PROMPT => Set every record down again exactly. Do not carry over the pictures.

···

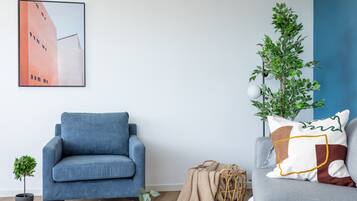Una sala moderna con un sillón azul, un sofá gris, una pequeña planta en maceta, una cesta de mimbre y un cuadro en la pared.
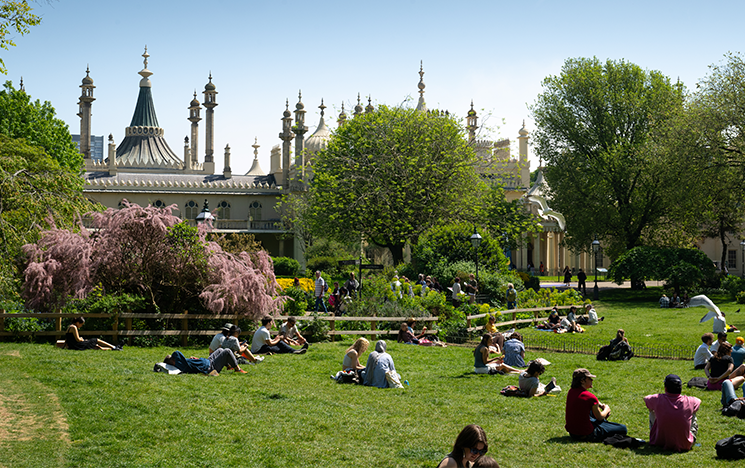 People sitting on the grass outside Brighton Pavilion in the sunshine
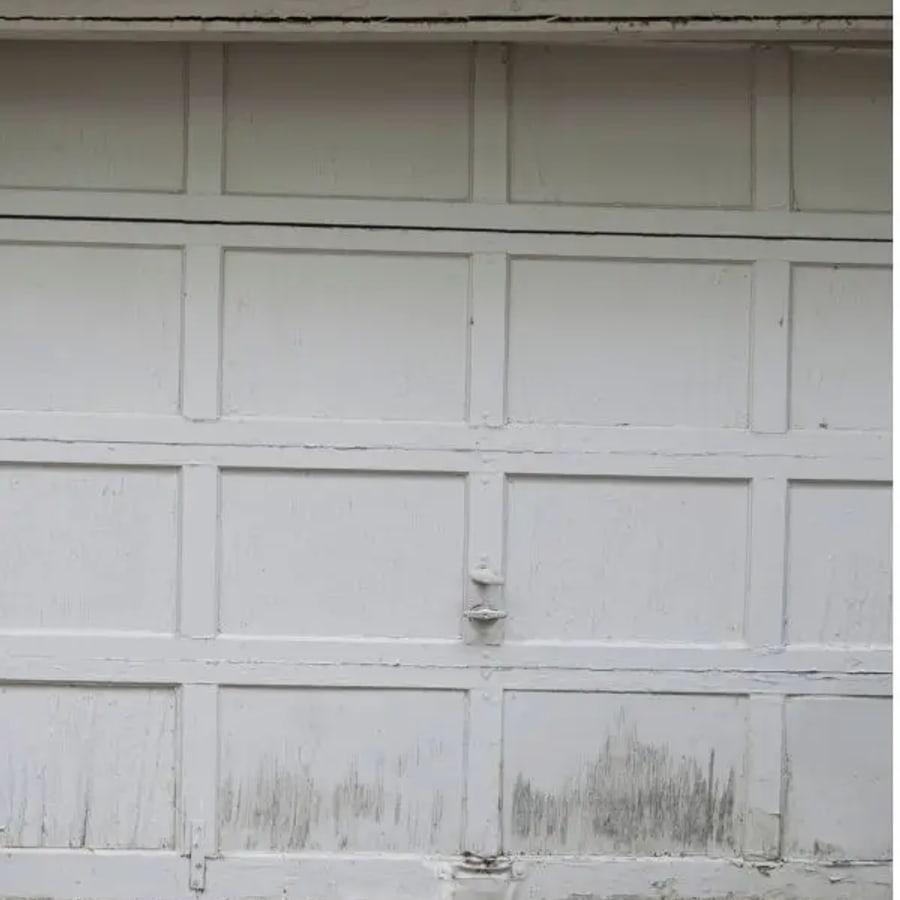 A worn, weathered garage door before replacement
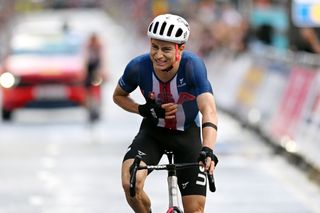 Neilson Powless of The United States crosses the finish line during the 96th UCI Cycling World Championships Glasgow 2023 Men Elite Road Race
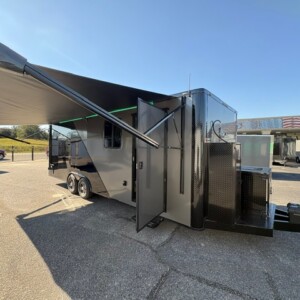 8.5x24 luxury mobile pet grooming trailer featuring dual grooming stations, private restroom, stainless steel kennels, electric awning, blackout package, and premium grooming equipment.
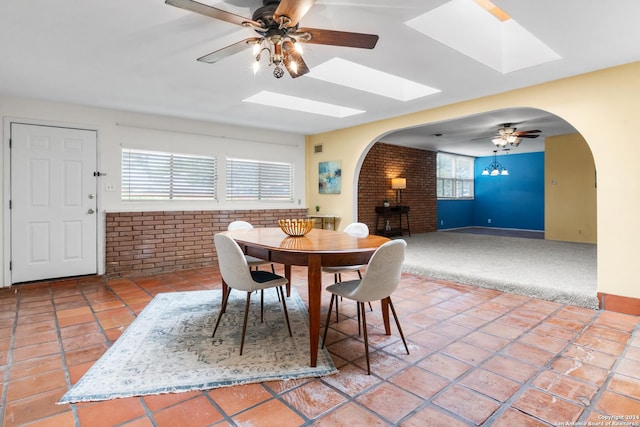 dining area featuring tile patterned flooring, ceiling fan, and brick wall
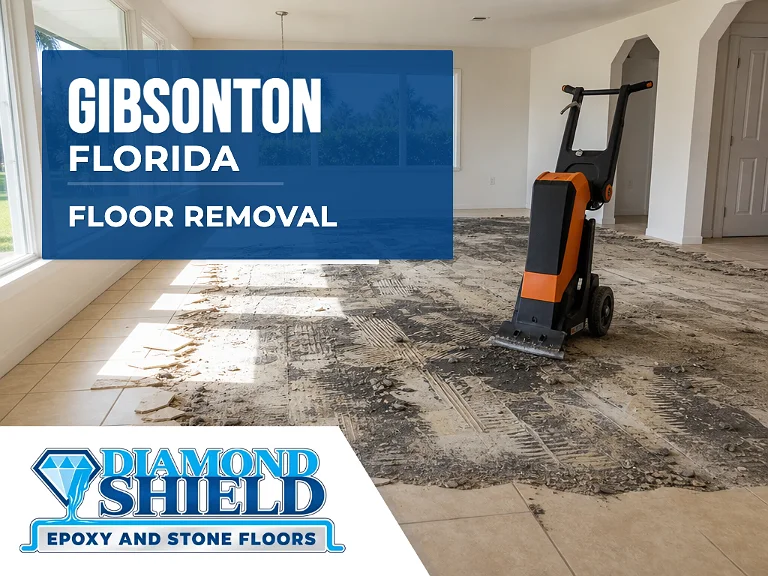 Floor removal company machine lifting tile from a slab in Gibsonton, FL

···

RESULT BELOW =>
Una sala moderna con un sillón azul, un sofá gris, una pequeña planta en maceta, una cesta de mimbre y un cuadro en la pared.
 People sitting on the grass outside Brighton Pavilion in the sunshine
 A worn, weathered garage door before replacement
 Neilson Powless of The United States crosses the finish line during the 96th UCI Cycling World Championships Glasgow 2023 Men Elite Road Race
 8.5x24 luxury mobile pet grooming trailer featuring dual grooming stations, private restroom, stainless steel kennels, electric awning, blackout package, and premium grooming equipment.
 dining area featuring tile patterned flooring, ceiling fan, and brick wall
 Floor removal company machine lifting tile from a slab in Gibsonton, FL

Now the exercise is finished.